C. Economic considerations
- Do the workers carry on business on their own account or carry on the business for their employers?
- Are the workers involved in any prospect of profit, or are they liable for any risk of loss?
- How are the worker’s earnings calculated and profits derived?
The relevant factors to be considered are determined by the circumstances of each case. For example, workers who bring their own tools and materials for their work are more likely to work under contracts for service by independent contractors. In contrast, those who are fully provided with tools and materials by their bosses are more likely to work under contracts of employment.
In delineating an individual case, all relevant factors should be carefully weighted and an evaluation and analysis of the factual circumstances in which the work is performed should be carried out. You can also refer to the Labour Department’s webpage for more information.
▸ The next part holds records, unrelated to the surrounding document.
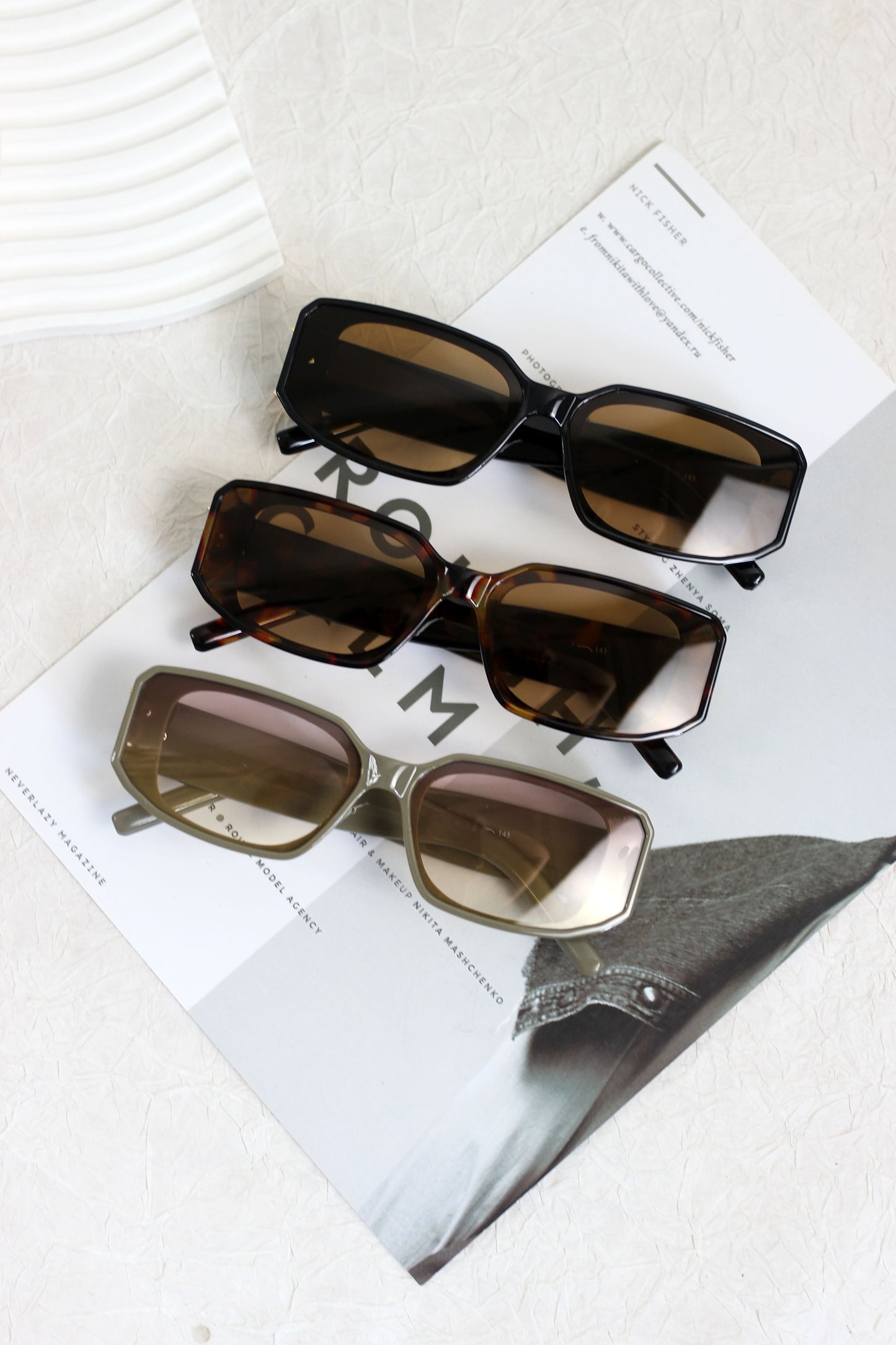 A2507KY54855 - Retro Rectangle Sunglasses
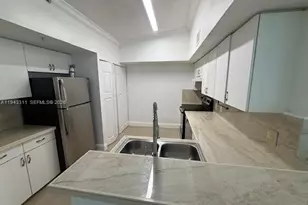 9640 NW 2nd St, Pembroke Pines, FL 33024 - Photo 6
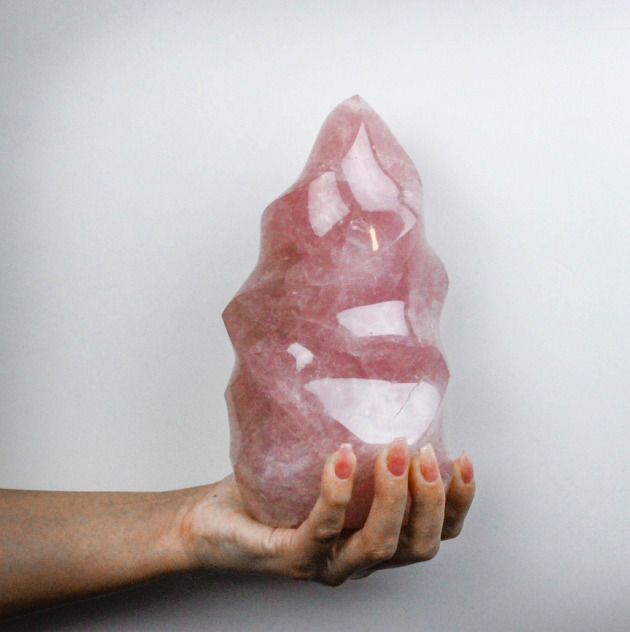 crystals healing hands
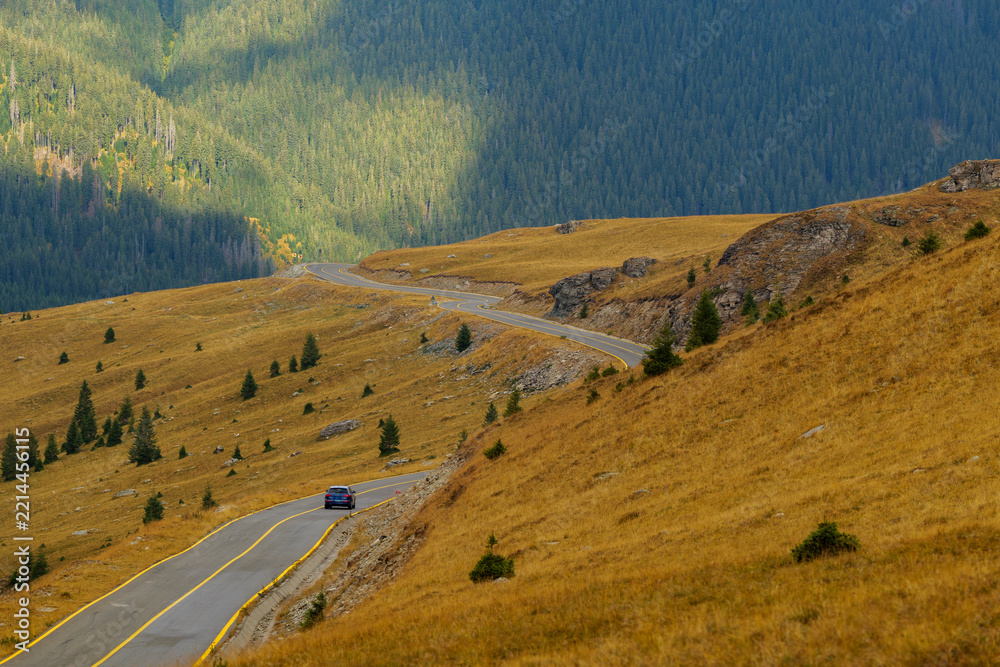 Fototapeta premium The Transalpina road in Romania in autumn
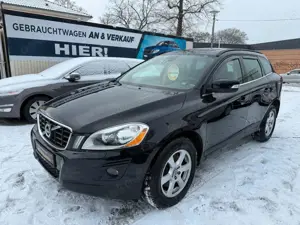 Volvo XC60 XC60 Momentum AWD*TUV NEU* AHK*PANORAMA*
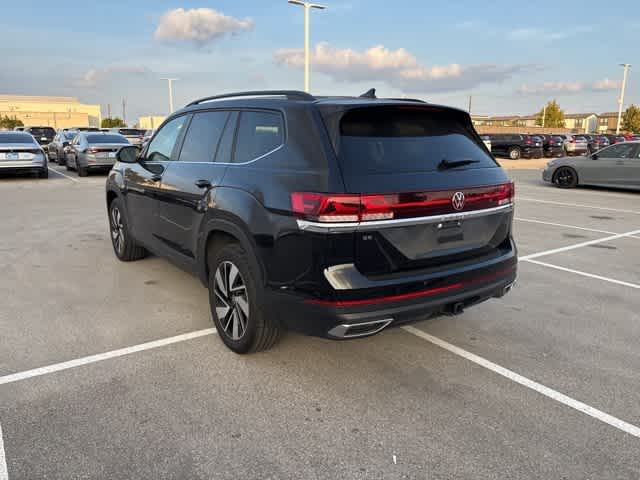 2024 Volkswagen Atlas SE Technology photo 3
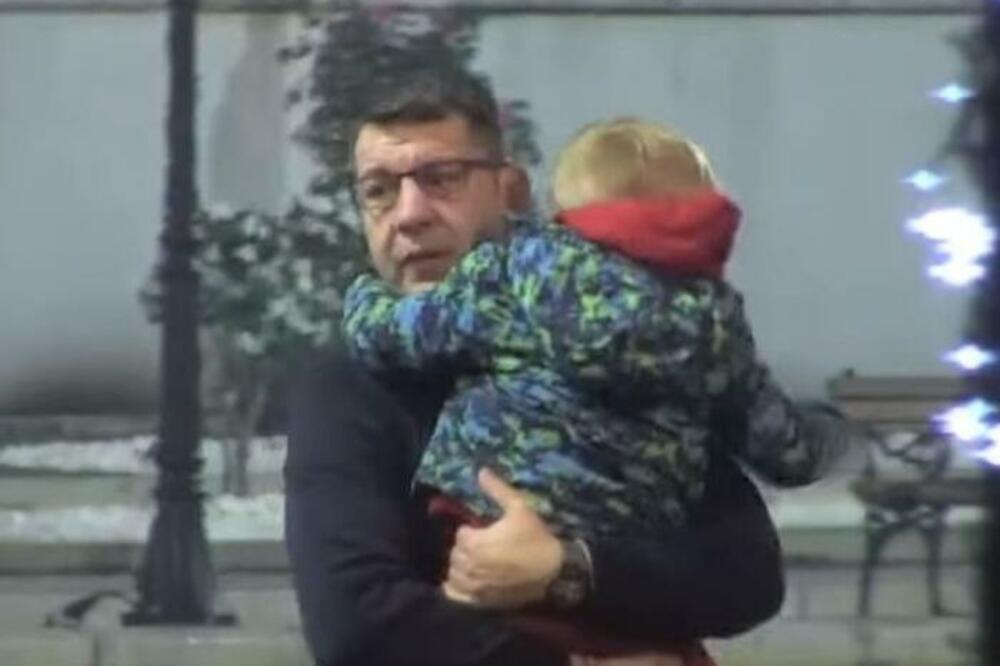 "KLOŠAR JEDAN SINA NIJE VIDEO 3-4 GODINE" Bivši zadrugar ŽESTOKO UDARIO po Ivanu, poručio da mu NIŠTA NIJE SVETO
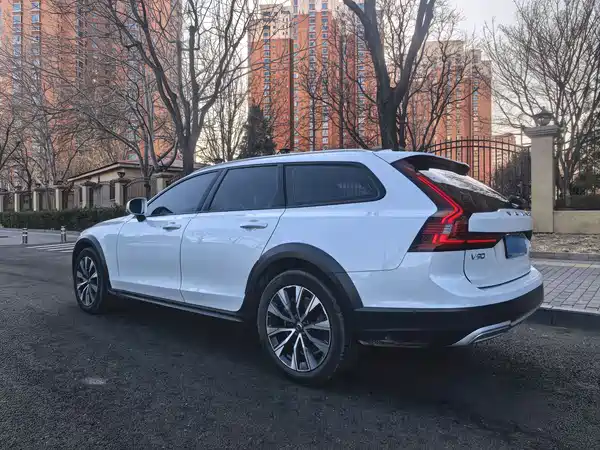 Volvo V90 2023
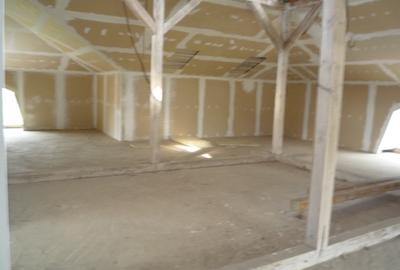 Casă cu 5 camere cu Teren 1250 Mp în Central - 3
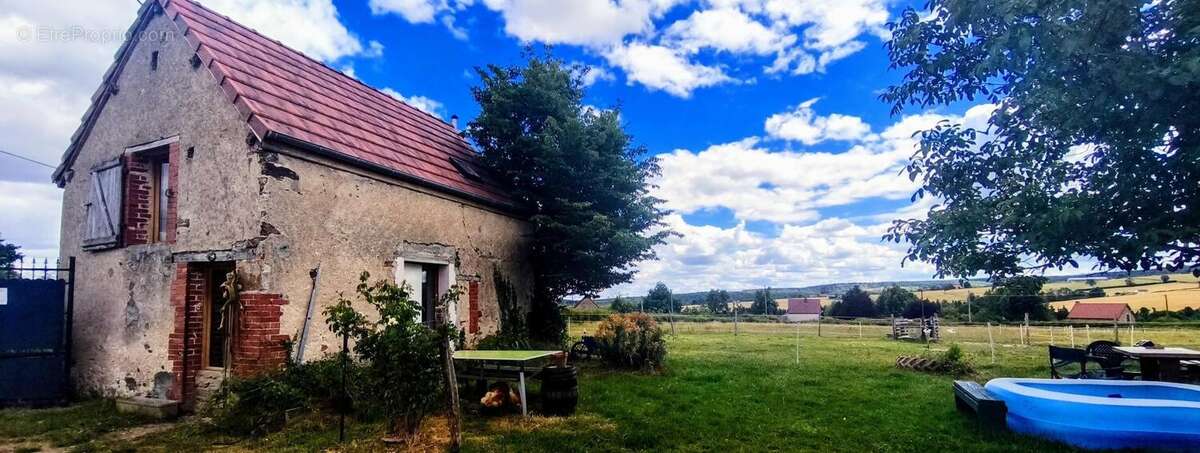 Maison 137 m² à Louroux-De-Bouble  - photo 6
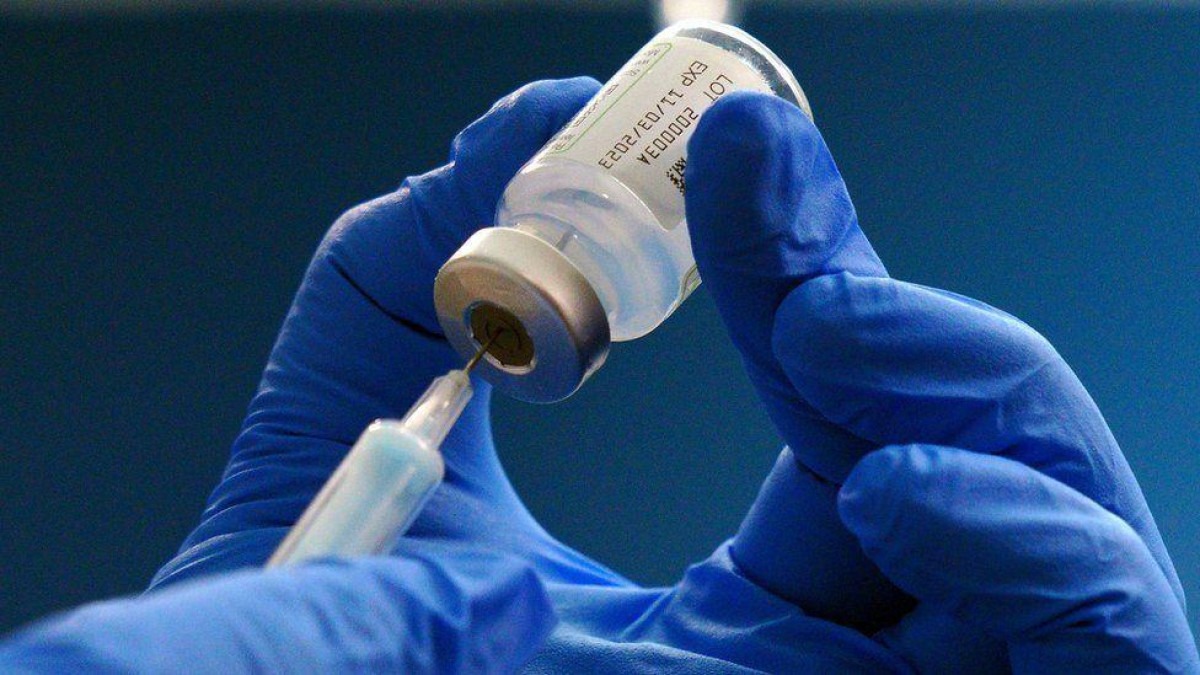 Contra recomendação médica, paciente alemão toma 217 vacinas para covid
For further reference, the Inland Revenue Department has a set of criteria for determining whether a service contract is a contract of employment. The major criteria are highlighted as follows:
- there is no employment-type benefit (e.g. money, annual leave, sick leave or pension) provided for the service carried out;
- the service is not required to be carried out personally (e.g. can hire assistants/sub-contactors);
- the performance of the service is not subject to the control or supervision that may be commonly exercised by an employer in relation to the performance of an employee’s duties;
- the remuneration is not paid or credited periodically (e.g. weekly or monthly) as is common with employment contracts;
- neither the service provider nor the receiver has the right to terminate the service contract before the expiry of the contract or before the job finished, by giving prior termination notice/money in lieu of notice to the other party; and
- neither party in the service contract has intended to lead members of the public to believe that an employment relationship exists.
If all of these criteria have been satisfied, then a contract of employment is unlikely to exist. For more details on the criteria, please see the Inland Revenue Department’s webpage .
In cases of dispute about whether or not the subject contract is a contract of employment, the jurisdiction or judgment rests with the Court. A local case was finally heard before the UK’s Judicial Committee of Privy Council in 1997 (the final appellant court for Hong Kong before 1 July 1997). The Appellant, a golf club caddie, did not have a written employment contract, and there was also no guarantee by the club that he would get any work from the players at the club. However, there was an agreed payment rate per round and he was also required to wear a uniform provided by the club. The Privy Council ruled that he was an independent contractor/self-employed person rather than an employee because there was no mutual employment obligation between the club and the Appellant.
However, the Privy Council reiterated that whether or not a contract of employment existed has to be determined by investigation and evaluation of all the factual circumstances in which the work is performed. In other words, no exhaustive list of factors or strict rules governs the relative weight of each factor when making the decision.